Friday, March 15, 2013

Grave Donuts in Front Royal

On Sunday I had hoped to go for a bike ride but it was still chilly and a wind kept whipping around so I decided instead to check out a possible put in place for the kayak in Front Royal. On the way I stopped at The Apple House, a restaurant and gift shop in Linden which I've often passed but never been inside.It is a family business established in 1963.
They had an outstanding collection of hot sauces, this little display just being part of it. there were 3 large shelving units with the sauces arranged in alphabetical order. They also had a great assortment of local preserves, relishes and sauces with wines and gifts a plenty.
These caught my eye. I never knew that Dr Pepper made beef jerky and the chocolate called Woolloomooloo sounded enticing but the price at nearly $9 put me off. The restaurant is very popular with bikers and it was busy as I waited in line to try one of their famous donuts, using the same ingredients as they did when they first opened.
It was a lot smaller than I'd imagined. for some reason I was thinking of something larger and stuffed with chunky apple sauce. I wasn't expecting the hole or the cinnamon. It was OK but I won't go back for another.
I found the place in Front Royal that I'd been looking for and immediately wished I'd brought Big Red.
The water looked so inviting and the sun was warm on my face. There was nobody around at all, I had this part of the river to myself and the views were beautiful with snow still on the mountains in the distance. But it was quite chilly and I was soon beaten back to the warmth of the car.
I then drove to Prospect Hill Cemetery as I had read that it was haunted. It's on the side of a steep hill and as you walk through the gates there is an impressive memorial to Mosby's Men, 'erected by the survivors of Mosby's command in memory of seven comrades executed while prisoners of war near this spot, September 23rd, 1884.' This was engraved on an obelisk flanked by 2 cannons.

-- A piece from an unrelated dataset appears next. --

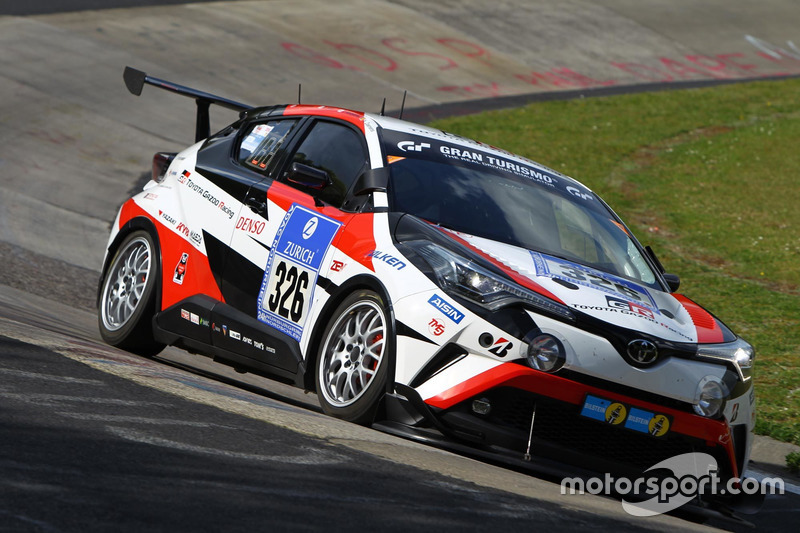 #326 Toyota Gazoo Racing, Toyota C-HR Racing: Masahiko Kageyama, Kumi Sato, Tomoyuki Katayama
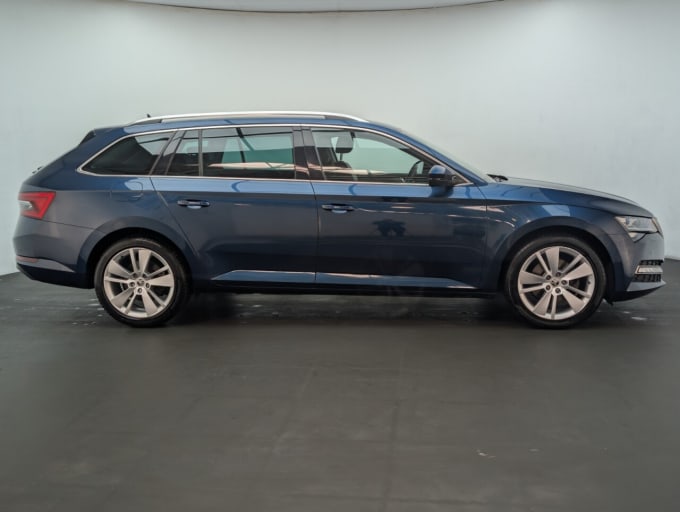2025 Skoda Superb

There's some interesting gravestones and engraving here but I was very interested in the Soldiers' Circle. Here, some have claimed to see a man kneeling and weeping by the side of one of the gravestones. It is thought that he is saddened by his own death. A woman in 1880's attire has also been seen. But because I wanted to see a ghost there was no hope of being fortunate enough to see one, ghosts never appear when you want them to.
I thought this was a touching scene.
After walking all around I went back to Stuart, glad to be in the warm again, and then decided to head towards home.
This sign hangs from an old empty store in the town. It will likely disappear when the building is sold or torn down so I thought a photo would help to immortalize it. I should hang it at my place.
I stopped in this country, it had been closed the last time I passed it, so I was delighted to see it open today.
It was crammed with lots of wonderful old antiques and junk and gifts, and even a few groceries. The owner was very friendly and we had a lengthy chat about photos his had on sale and his antiques. I left with some great ideas for future explorations and a glass money box.
Driving towards home I spotted a tiny cemetery on the side of the road and stopped, wondering if it was a family burial ground. I looked up the names and area later on the computer but couldn't shed any light on the site. I thought the grave above was very sad, someone had clearly been unable to afford a headstone so had created their own out of concrete and then chiseled out the letters. I've never come across a homemade gravestone before.